A jak w sklepie stoisz w kolejce bo ktoś wypłaca pieniądze, doładowuje konto lub płaci rachunki? Nie przeszkadza Ci to? Trochę tolerancji.
Rachunki się płaci się w miejscach do tego przeznaczonych i absolutnie mnie nie dziwi, że ktoś to robi w banku, lub na poczcie.Byle nie robił tego w spożywczaku.Wiadomo, ze teraz czasy się trochę zmieniają (nie powiem, że to dobrze) i ludzie płaca kartami, smartfonami itd. ale jeśli odbywa się to w miarę płynnie, to ok.Nie można tego porównywać do sytuacji, gdy stoi sobie goguś i wybiera, jaki sosik do parówy.Jemu się nie spieszy, bo robi sobie postój w trasie, a ja chcę zapłacić i odjechać, bo mam co robić w domu.
Z tego co wiem jesteś rolnikiem. Może innym również przeszkadza gdy blokujesz drogę ciągnikiem lub kombajnem, a oni chcą szybciej pojechać.
Nie blokuję drogi kombajnem, bo go nie posiadam, a ciągnikiem, jeśli już muszę jechać po publicznej drodze (a to się rzadko zdarza) to staram się jechać jak najbliżej prawej krawędzi jezdni, a najlepiej, prawymi kołami po poboczu, żeby jakiś jaśnie pan z miasta, nie musiał wykonywać niebezpiecznych manewrów, by mnie wyprzedzić.Jak ktoś jest idiotą i jedzie jak "piz*", to nie ma się co dziwić, że ciężko takiego wyprzedzić.Widuję takich.Z drugiej strony barykady, to znów zapierdzielają tymi furkami jak pojebani i nie patrzą na nic, potem wypadki.Jedziesz jeden z drugim przez wieś, to uważaj, bo różnie może być.Zresztą, nie będziemy tu toczyć batalii miasto vs. wieś, bo to bez sensu.I tu i tu są debile, jak i mądrzy ludzie.po prostu, zagadałem o tych parówach na stacjach i tak czytając po necie nie tylko ja tak myślę.Ale nie jest tak, ze mi to przeszkadza jako sam fakt sprzedaży, tylko blokowanie kolejki.Powinno to być wydzielone i powinno być na tylu kasjerów, by jeden mógł, w razie potrzeby, zająć się parówkami i by ludzie nie czekali w kolejce, bo zwykle tak to wygląda.

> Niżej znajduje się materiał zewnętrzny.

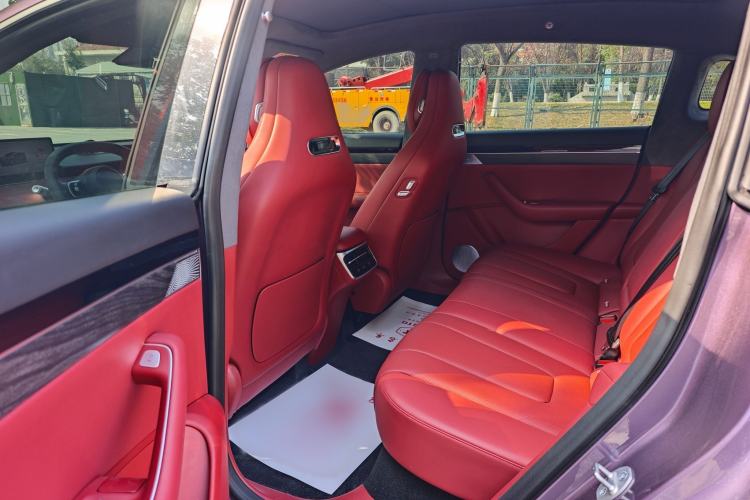 Used Hima Luxeed R7 2024 Pure Electric 667km Pro Interior 5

Przecież na dużych Orlenach ( Płock) były nie tak dawno stoiska z wędlinami.......więc tu nie ma się czemu dziwić.
Klękajcie narody, parodia.
Problemem jest nie to że taki ktoś robi zakupu czy je coś na stacji ale to że taki ktoś zostawia samochód przy dystrybutorze zamiast podjechać na parking pod samą stacja.

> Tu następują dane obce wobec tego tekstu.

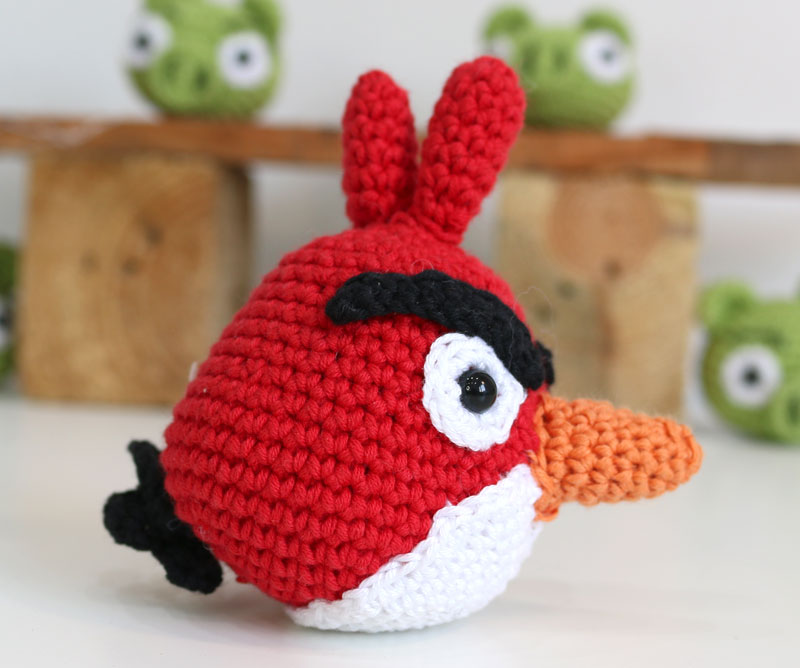 red angry bird free pattern crochet amigurumi with video tutorial step by step and written  pattern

Już widywałem takich cwaniaczków co stawali pod samymi drzwiami do stacji przez co nie dało sie wyjechać spod dystrybutorów do przodu tylko trzeba było cofać
I to też widuję.Zatankuje taki i idzie niby płacić, ale przy okazji, to może paróweczkę? A ty człowieku stój, albo kombinuj.Przecież się kurna nic nie stanie, jak odjedzie gdzieś na bok, bo mu nikt nie wyskoczy z pyskiem, że paliwo chce kraść, a zresztą, są kamery.Jak ja widzę, że ktoś podjeżdża, to mu odjeżdżam, bo w kolejce można chwilę stać, przez te parówy, a po co ktoś ma mnie ku*wować? A też niektórzy nie podjada bliżej, bo przecież "wąż dostanie" tylko stanie na środku i weź przejedź.